I was intrigued by the Victor Burgin quotation in the course notes, I am referring to the universally familiar phenomenon of looking at one image and having another image spontaneously come to mind.’  because it happened to me when I first saw the Karsh portrait of Georgia O’Keefe.

I had no idea at the time why images of Antelope Canyon came to mind so strongly, so it is worth taking a couple of sentences to explore. I think the first connection was with textures, the texture of the canyon wall is reflected in the adobe wall behind the subject. There is also the slender grace of her pose, small in frame, which reflects the space between the canyon walls. The lighting in both images is strong and directional. Finally, there may be a subliminal message in the skull and antlers high on the wall. If I did not know the name of the canyon, would I have made the same connection?

You may already have taken some homage photography where you’ve not tried to hide the original inspiration but rather celebrated it. Refer back to your personal archive and add one or two to your learning log together with a short caption to provide a context for the shot.  (EYV course notes p108)

The mono image of the girl with a Voigtländer Brillant connected with me because it is an unusual sort of portrait and because I like old cameras. This is one of the few times that I have made a conscious attempt to emulate a photograph I have seen.
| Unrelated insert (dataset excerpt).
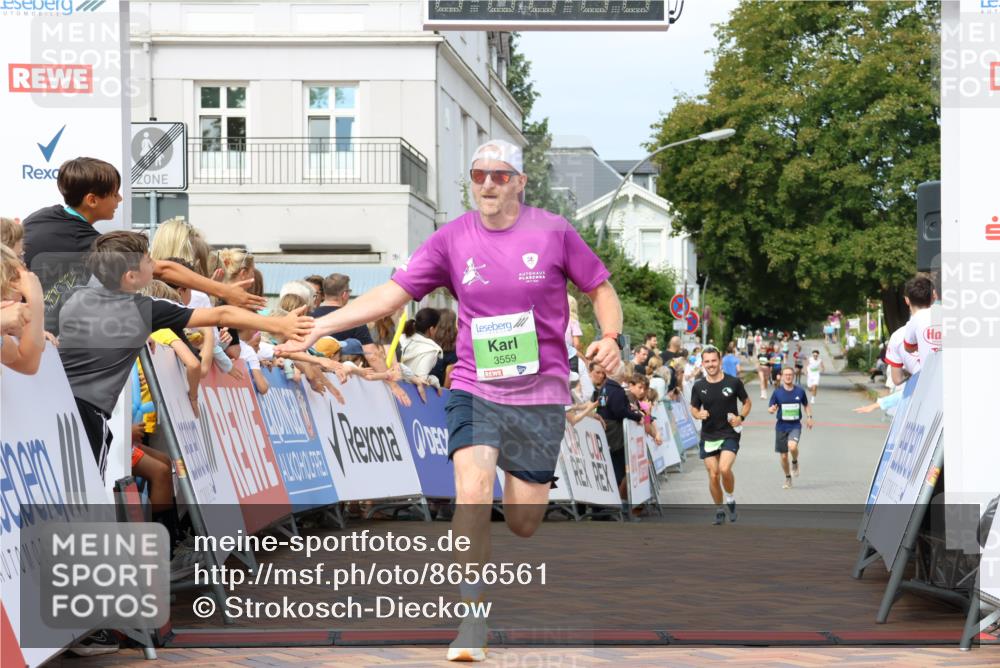 31.08.2025 - 21. Blankeneser Heldenlauf Strokosch-Dieckow http://msf.ph/oto/8656561 31.08.2025 10:57:44 Ziel 3559, 3421, 3045 meine-sportfotos.de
With my image of Victoria we used a Rolleicord and went for an informal pose; the lotus position fills the frame better when the background is bland. The early shots from the sequence had her looking down into the viewfinder, but I prefer this one where I asked her to glance up at me. The judge at my camera club liked it as well, and it won the portrait competition that year.

During the EYV course I have attempted to emulate photographers in two of the assignments. Assignment 2 was a blatant tip of the hat to the Bechers. In Assignment 4, I was influenced by Rut Blees Luxemburg’s night-time intimate cityscapes.